Una cosa che faccio sempre, quando ho la fortuna di incontrare libri che mi entusiasmano, è raccontarli a qualcuno che non sia del mestiere. Mi interessa sia la mia capacità di narrare la storia con poche parole e con chiarezza (dunque evocare immagini chiare, e questa è una forza che il libro ha in sé), sia la reazione dell’ascoltatore. Mio figlio è la cavia perfetta: è curioso, ha un buon orecchio e gli piacciono le storie, ma bisogna essere convincenti perché come tutti i bambini si annoia facilmente. E con Bull Mountain è successa una cosa spettacolare: mentre gli raccontavo dei due fratelli Clayton e Halford la sua mascella penzolava e gli occhi erano spalancati e luminosi. È stato emozionante. La storia della famiglia Burroughs gli è piaciuta talmente tanto che si è inventato il gioco di Bull Mountain: una montagna e due fratelli; uno buono e uno cattivo; uno sulla montagna e uno nella valle. E ovviamente il duello finale. In pratica un western, ma senza indiani.
Penso che sia proprio tutta qui la forza di un libro: se non riesce ad accendere l’immaginario del lettore, se non lo strappa al quotidiano e stordisce emotivamente, nel bene e nel male, non funziona. Un libro lo si deve sentire sulla pelle. È molto semplice: se il corpo non sente, il libro non vale nulla. Confido dunque nell’intelligenza emotiva, e non solo, dei lettori, che cercano esperienze destabilizzanti, piccoli deragliamenti e non solo intrattenimento. E Bull Mountain è un’esperienza di lettura potente: un pugno in pancia. Saga familiare, crime thriller, southern noir; si è cercato di definire il romanzo di Panowich in molti modi, ed è certo alla tradizione più nobile dei crime thriller che l’autore della Georgia attinge. Bull Mountain è un romanzo country-blues, ruvido e melodico allo stesso tempo.

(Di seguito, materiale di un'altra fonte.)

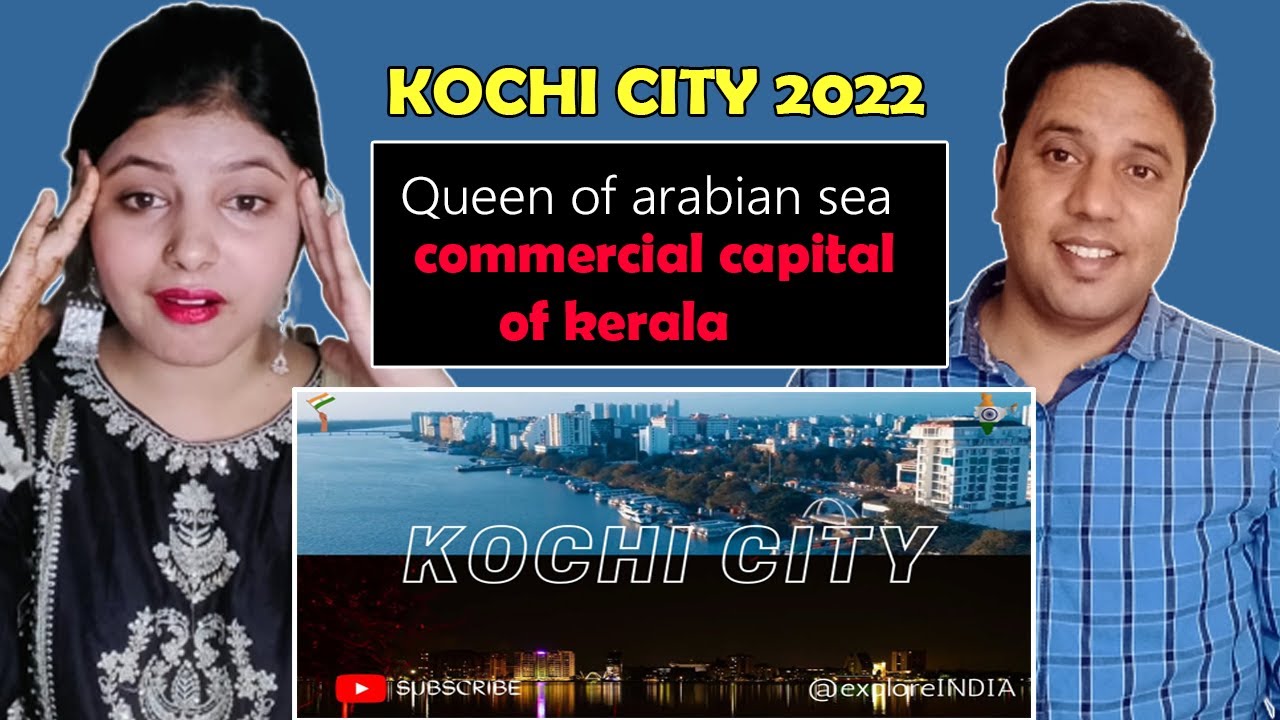 Pak Reacts on KOCHI CITY 2022🇮🇳 | Queen of Arabian sea | commercial capital of Kerala |Next Reaction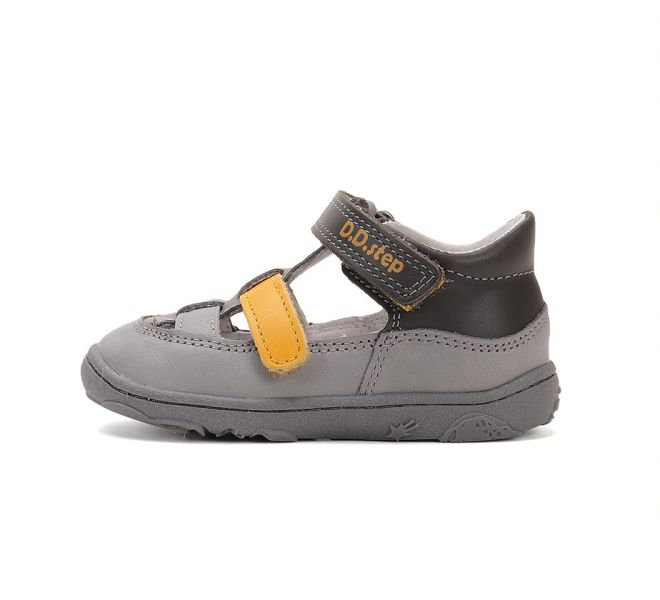 D.D.Step Туфлі- босоніжки H077-51332M Grey Barefoot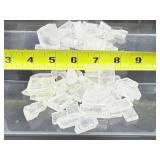 Clear Optical Calcite Pieces: 320gm/11.1oz
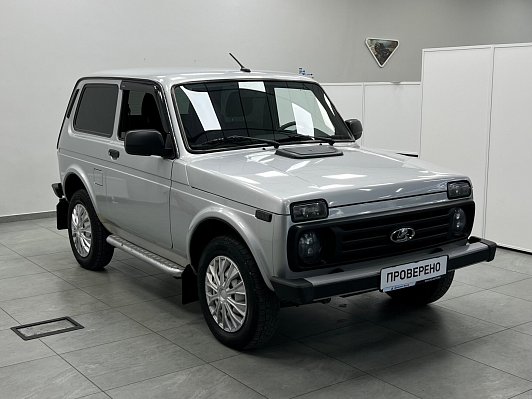 Lada (ВАЗ) Niva Legend Классик, 2022 года, пробег 114764 км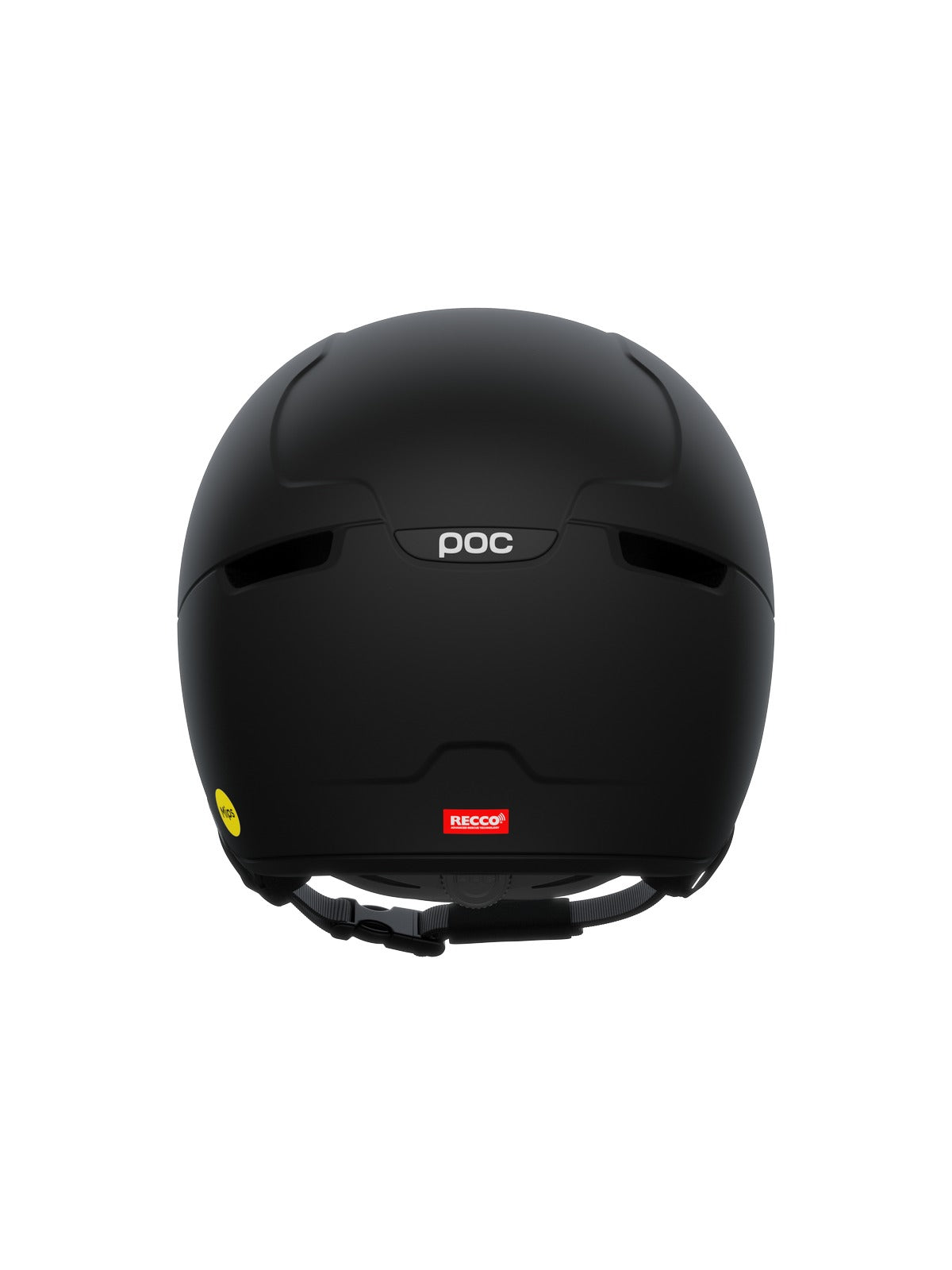 Kask narciarski POC Obex Visor - Uran. Black Matt/Clarity Universal/Sunny/Grey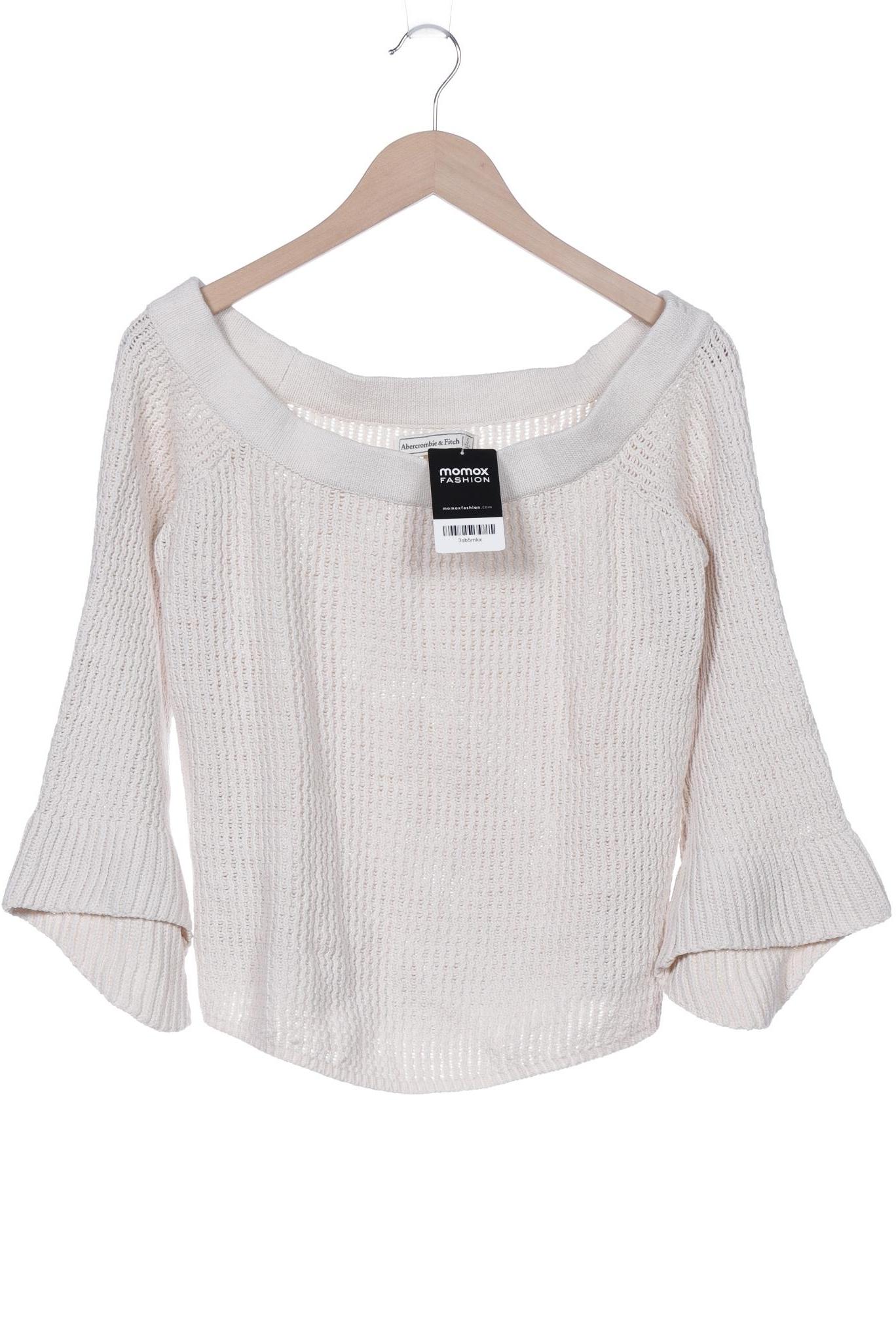 

Abercrombie & Fitch Damen Pullover, beige, Gr. 36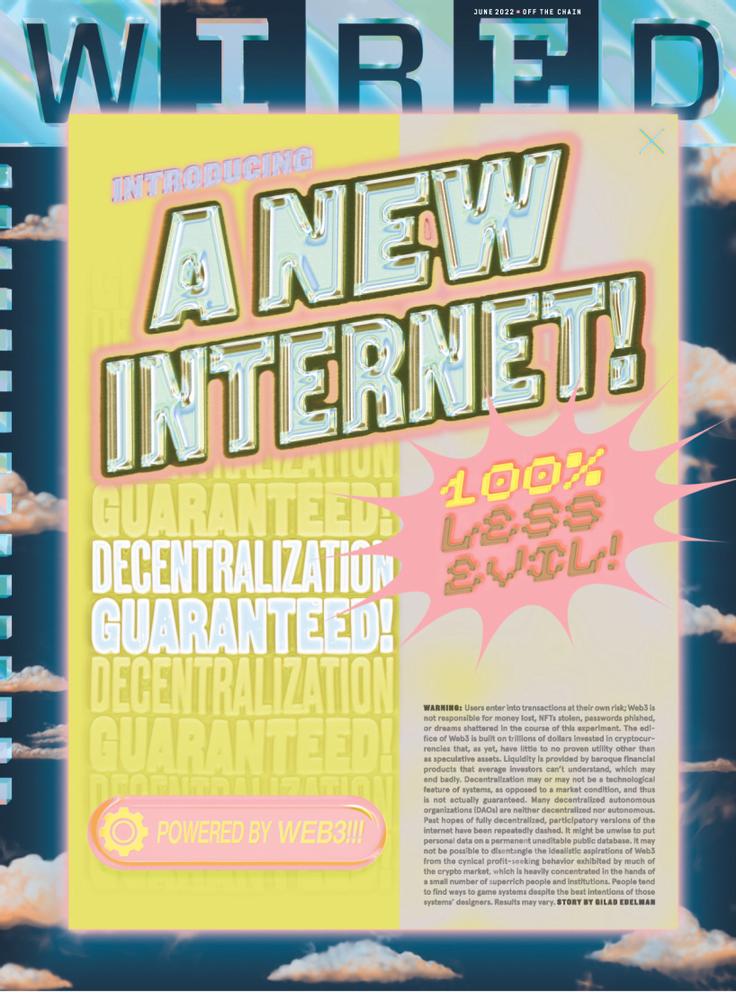 Wired June 01, 2022 Issue Cover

Tatto, vista e olfatto sono coinvolti nella loro interezza. In molti anni di editoria ho valutato montagne di thriller, noir, hard-boiled, libri di genere e sottogenere, e un libro funziona quando una serie di elementi si combina alla perfezione: la storia, i personaggi, i dialoghi, l’organizzazione del testo, il ritmo. Ma prima di ogni altra cosa – sopra ogni cosa – c’è la cosa che avvolge tutto e definisce e affusola e rende potente un romanzo e che si chiama scrittura. Sì, la scrittura viene prima di tutto, e Panowich non è uno scrittore che si accontenta facilmente, ma un artigiano che cesella le parole per il raggiungimento dell’equilibrio perfetto.
Ricordo ancora la sensazione di avere tra le mani un libro scritto con gli “scarponi ai piedi”; solo dopo, sono venuto a sapere che Panowich lo aveva scritto in uno sgabuzzino nella centrale dei pompieri dove lavora, e che i suoi primi lettori, quelli a cui lui di volta in volta faceva leggere i capitoli, erano i suoi compagni di lavoro; altra gente con scarponi ai piedi. Bull Mountain non è un libro neutrale, e non è nemmeno una passeggiata al chiaro di luna: al lettore si chiede di attraversare boschi, percorrere sentieri di montagna, bere bourbon e mangiare uova, lardo e pancetta per colazione; “non è un libro da leggere in ciabatte” dovrebbe essere scritto sulla quarta di copertina.
Se c’è una cosa che Bull Mountain insegna è che sfuggire alle proprie origini, ovvero alla propria famiglia e terra, è una cosa difficile. La volontà non basta; i legami forti vanno recisi prima dentro, ed è lì, in solitudine e a confronto con la parte più profonda di sé, che si decidono le cose. È forse questa verità morale ad aver attecchito maggiormente in me.
Ancora oggi, rileggendolo a distanza di tempo, e per la prima volta tradotto, sono stato pervaso dalle stesse sensazioni. Panowich, con un passato da musicista rock, ha suonato nuovamente la sua partitura ed è arrivato alle mie orecchie con la medesima forza. Ogni capitolo affronta personaggi e momenti diversi, eppure quando si arriva alla fine, la sensazione che rimane è quella di essere stati investiti da un’unità compatta e solida; o meglio, attraversati.
Si esce da Bull Mountain storditi, i sensi pervasi dalle emozioni; le storie belle, come il buon vino, migliorano col tempo. Panowich ci ha chiesto di fidarci di lui e noi ci siamo fidati. Si è stabilito un patto. Non è forse questa la più grande felicità per un lettore?